Work item: Reproduce only the lines that begin at the line with "Schéma organisationnel des" and run to the end of the entries; omit every picture.

Supplied information:
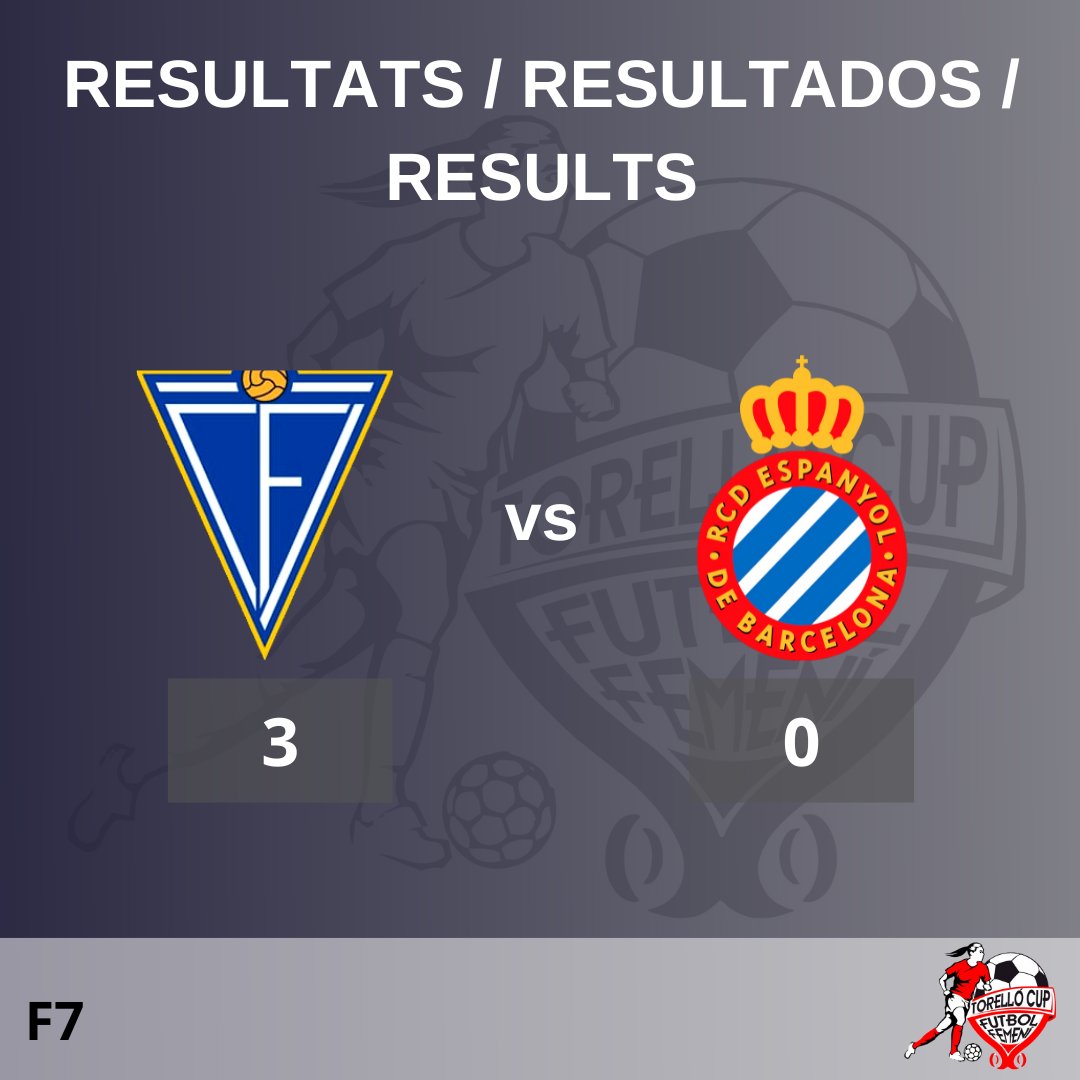 CAT: El Club Futbol Igualada guanya 3 a 0 contra l’RCD Espanyol i passa a la semifinal 2. 

ESP: Club Futbol Igualada gana 3 a 0 contra el RCD Espanyol y pasa a la semifinal 2.  

ENG: Club Futbol Igualada wins 3-0 against l’RCD Espanyol and goes through to semi-final 2.
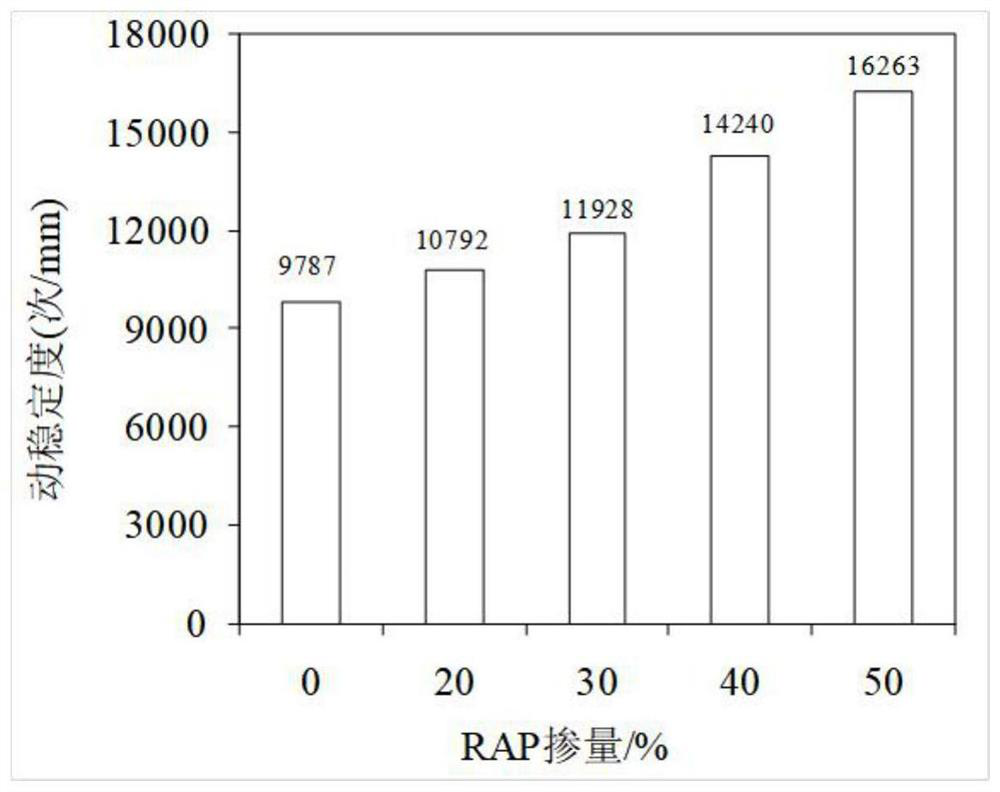 Preparation method of plant-mixed hot recycled asphalt mixture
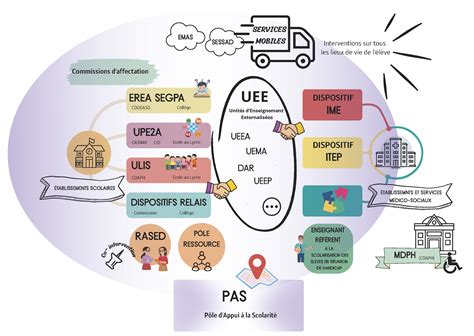 Schéma organisationnel des pôles d'expertise de l'OPEA
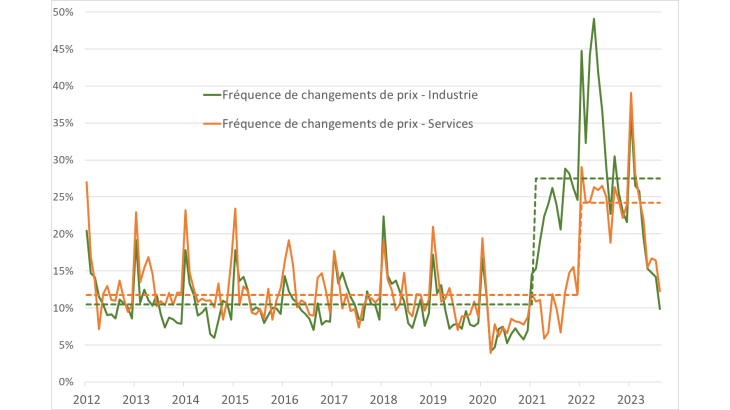 Graphique 1 : Fréquence mensuelle de changements de prix - Industrie et Services (% d’entreprises ayant changé leurs prix)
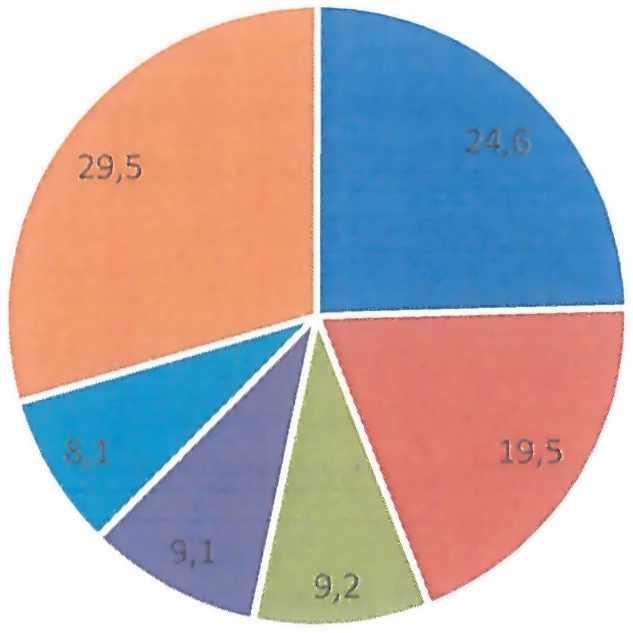 podlaskie 335 41 420 50 59 47 pomorskie 369 64 433 74 120 71 śląskie 1213 195 1278 237 424 249 świętokrzyskie 233 31 254 45 38 22 warmińskomazurskie 378 26 456 23 71 55 wielkopolskie 778 46 809 73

Answer:
 Schéma organisationnel des pôles d'expertise de l'OPEA
 Graphique 1 : Fréquence mensuelle de changements de prix - Industrie et Services (% d’entreprises ayant changé leurs prix)
 podlaskie 335 41 420 50 59 47 pomorskie 369 64 433 74 120 71 śląskie 1213 195 1278 237 424 249 świętokrzyskie 233 31 254 45 38 22 warmińskomazurskie 378 26 456 23 71 55 wielkopolskie 778 46 809 73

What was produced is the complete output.